Search the entries below for "Casa". Report each line where it occurs.

(LISTED RECORDS begins)

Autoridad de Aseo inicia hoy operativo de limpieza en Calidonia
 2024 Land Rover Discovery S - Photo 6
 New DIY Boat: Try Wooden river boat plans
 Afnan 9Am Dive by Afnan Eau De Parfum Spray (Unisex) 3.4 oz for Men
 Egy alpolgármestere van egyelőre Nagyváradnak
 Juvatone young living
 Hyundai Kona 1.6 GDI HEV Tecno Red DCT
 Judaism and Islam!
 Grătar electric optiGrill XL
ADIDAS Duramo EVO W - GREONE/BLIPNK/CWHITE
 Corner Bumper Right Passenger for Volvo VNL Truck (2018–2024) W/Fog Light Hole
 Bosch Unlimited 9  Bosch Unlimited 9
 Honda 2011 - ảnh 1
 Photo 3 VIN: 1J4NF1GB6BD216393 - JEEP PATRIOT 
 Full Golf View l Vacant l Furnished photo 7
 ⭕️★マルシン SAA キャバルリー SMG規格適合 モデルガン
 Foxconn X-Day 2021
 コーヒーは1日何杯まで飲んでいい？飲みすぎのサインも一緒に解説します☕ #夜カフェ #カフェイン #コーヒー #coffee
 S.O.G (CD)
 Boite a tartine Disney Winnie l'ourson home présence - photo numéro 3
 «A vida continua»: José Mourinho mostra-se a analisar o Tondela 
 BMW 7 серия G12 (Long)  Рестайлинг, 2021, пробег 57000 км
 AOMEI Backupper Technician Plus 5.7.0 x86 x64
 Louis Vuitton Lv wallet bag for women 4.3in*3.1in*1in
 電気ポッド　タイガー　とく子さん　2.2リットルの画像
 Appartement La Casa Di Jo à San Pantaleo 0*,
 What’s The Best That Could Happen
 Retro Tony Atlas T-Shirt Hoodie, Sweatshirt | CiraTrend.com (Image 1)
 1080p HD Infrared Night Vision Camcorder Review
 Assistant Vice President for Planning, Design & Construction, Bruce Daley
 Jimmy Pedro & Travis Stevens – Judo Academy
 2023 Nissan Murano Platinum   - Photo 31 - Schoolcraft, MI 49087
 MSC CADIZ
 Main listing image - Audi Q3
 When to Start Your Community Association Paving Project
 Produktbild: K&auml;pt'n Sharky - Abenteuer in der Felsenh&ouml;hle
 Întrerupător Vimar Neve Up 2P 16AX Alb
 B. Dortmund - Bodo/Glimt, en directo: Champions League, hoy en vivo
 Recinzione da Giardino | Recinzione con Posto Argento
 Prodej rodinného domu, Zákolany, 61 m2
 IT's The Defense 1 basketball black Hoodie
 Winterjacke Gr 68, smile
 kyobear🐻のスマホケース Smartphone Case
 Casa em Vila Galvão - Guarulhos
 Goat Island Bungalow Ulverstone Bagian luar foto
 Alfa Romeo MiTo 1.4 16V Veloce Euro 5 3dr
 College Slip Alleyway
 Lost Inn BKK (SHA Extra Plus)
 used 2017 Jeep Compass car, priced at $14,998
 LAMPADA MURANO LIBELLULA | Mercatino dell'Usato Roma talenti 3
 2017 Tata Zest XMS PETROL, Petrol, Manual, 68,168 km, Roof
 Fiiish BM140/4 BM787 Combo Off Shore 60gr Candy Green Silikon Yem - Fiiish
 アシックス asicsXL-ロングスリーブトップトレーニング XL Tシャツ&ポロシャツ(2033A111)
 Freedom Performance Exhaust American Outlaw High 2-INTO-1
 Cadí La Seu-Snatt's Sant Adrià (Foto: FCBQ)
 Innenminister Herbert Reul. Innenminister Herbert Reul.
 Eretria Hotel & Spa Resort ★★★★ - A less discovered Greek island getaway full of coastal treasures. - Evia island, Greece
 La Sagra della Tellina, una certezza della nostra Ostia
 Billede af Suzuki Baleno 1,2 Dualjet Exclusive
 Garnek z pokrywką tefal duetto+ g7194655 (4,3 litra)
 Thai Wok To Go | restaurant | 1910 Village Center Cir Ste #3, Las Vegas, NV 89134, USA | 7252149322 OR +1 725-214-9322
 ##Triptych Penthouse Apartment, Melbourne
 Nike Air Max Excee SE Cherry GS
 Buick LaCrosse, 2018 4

(LISTED RECORDS ends)

→ **TASK RESULT**
 Appartement La Casa Di Jo à San Pantaleo 0*,
 Casa em Vila Galvão - Guarulhos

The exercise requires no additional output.